McCann writes mostly historical novels about Iowa and its numerous counties. Some of her titles include Prisoners Of War In Iowa, Cedar Valley Road, Lost Black Hawk County Towns, Civilian Conservation Corps In Southeast Iowa and Riverside Cemetery. Her latest title, Prisoners OF War In Iowa, was for sale, among other books, such as Cedar Valley Road at the presentation.

In starting her writing career, McCann said, “Initially, I didn’t feel as though I needed to write,”  but she became interested in her own family genealogy and discovered interesting facts about her family heritage. This led to a history obsession about her hometown. Two topics from McCann’s literary explorations in history included lost towns and how trolley systems saved lives in Iowa.

The first topic, lost towns, began when she discovered how many towns have gone missing from modern Iowan maps. In McCann’s The Lost Town series, she highlights 95 named locations in Iowa. Some of the lost towns include a town called Cedar Heights, which used to be its own town with its own police department, but was wiped off maps after population decreases. Now there is a school in Iowa called Cedar Heights, but the original town became “lost.” A similar twist awaited the town of North Cedar, which transformed from a populous town to a lost town with only a named school and the memories of past residents to remember it by.

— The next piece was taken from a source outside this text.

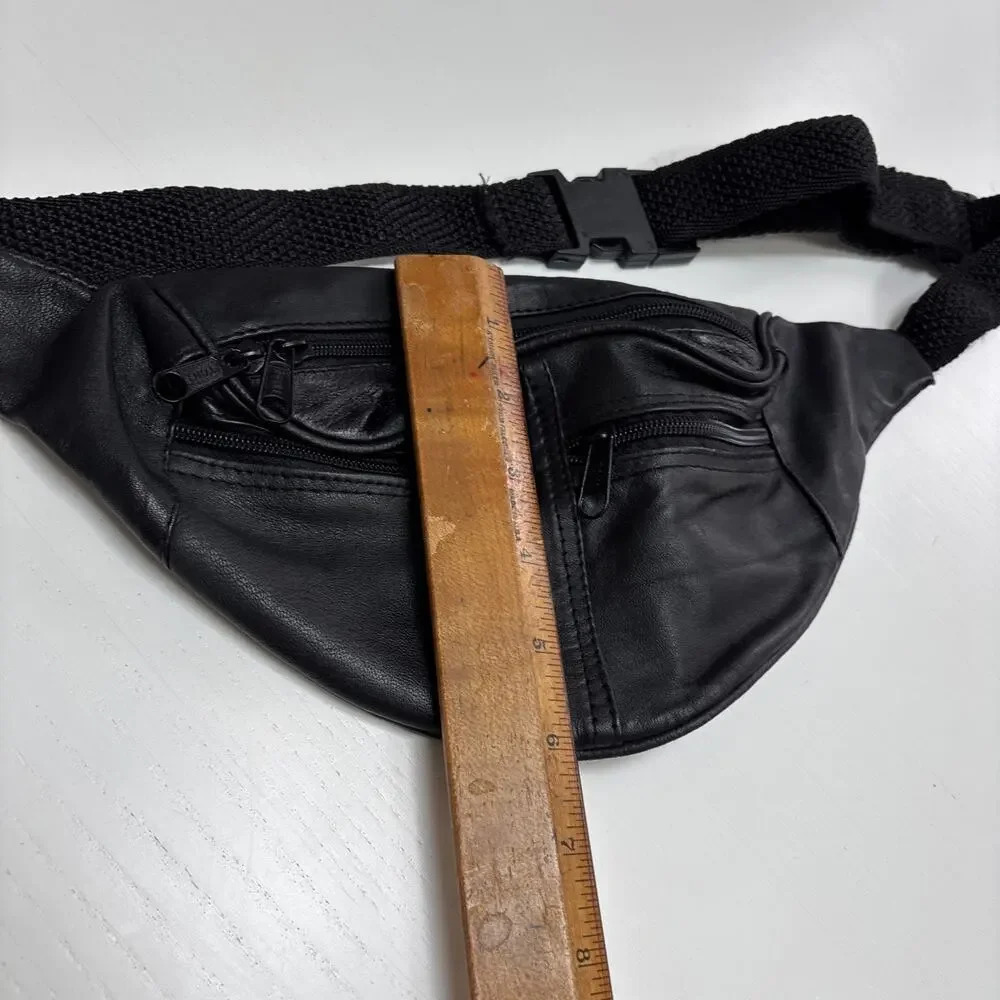 Vintage Leather Black Fanny Pack Waist Belt Bag Unisex Zipper 80s 90s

The second topic McCann shared at the library, trolleys saving lives, included information about the trolley systems that frequented Iowa in the late nineteenth century and throughout the twentieth century. McCann told a story about a trolley system experience she learned about when interviewing people who remember the trolleys. 

A man in the late 1910s was reported to have passed out near one of the trolley stations due to a medical condition. The trolley conductor saw the man lying on the ground and managed through the trolley system to get the man to a medical facility and save his life. The family of the man heavily appreciated the trolley system, and reported this appreciation to McCann when she was writing about the systems. “The trollies saved lives,” McCann said, and in sharing this at the Cedar Falls Library, McCann and her books not only entertained readers and watchers of her presentation, but she also encouraged them to explore the power of history within their own communities.